EXERCISE REQUIREMENTS -
Write out the complete data exactly as written.
************
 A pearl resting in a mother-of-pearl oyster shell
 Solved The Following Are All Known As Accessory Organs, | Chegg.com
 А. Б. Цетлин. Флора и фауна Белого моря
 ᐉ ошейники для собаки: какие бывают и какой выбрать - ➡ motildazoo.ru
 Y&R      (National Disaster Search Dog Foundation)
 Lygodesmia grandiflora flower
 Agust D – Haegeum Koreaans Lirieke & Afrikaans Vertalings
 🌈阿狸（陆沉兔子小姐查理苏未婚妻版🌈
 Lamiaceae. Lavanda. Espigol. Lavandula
************
REPLY -
 A pearl resting in a mother-of-pearl oyster shell
 Solved The Following Are All Known As Accessory Organs, | Chegg.com
 А. Б. Цетлин. Флора и фауна Белого моря
 ᐉ ошейники для собаки: какие бывают и какой выбрать - ➡ motildazoo.ru
 Y&R      (National Disaster Search Dog Foundation)
 Lygodesmia grandiflora flower
 Agust D – Haegeum Koreaans Lirieke & Afrikaans Vertalings
 🌈阿狸（陆沉兔子小姐查理苏未婚妻版🌈
 Lamiaceae. Lavanda. Espigol. Lavandula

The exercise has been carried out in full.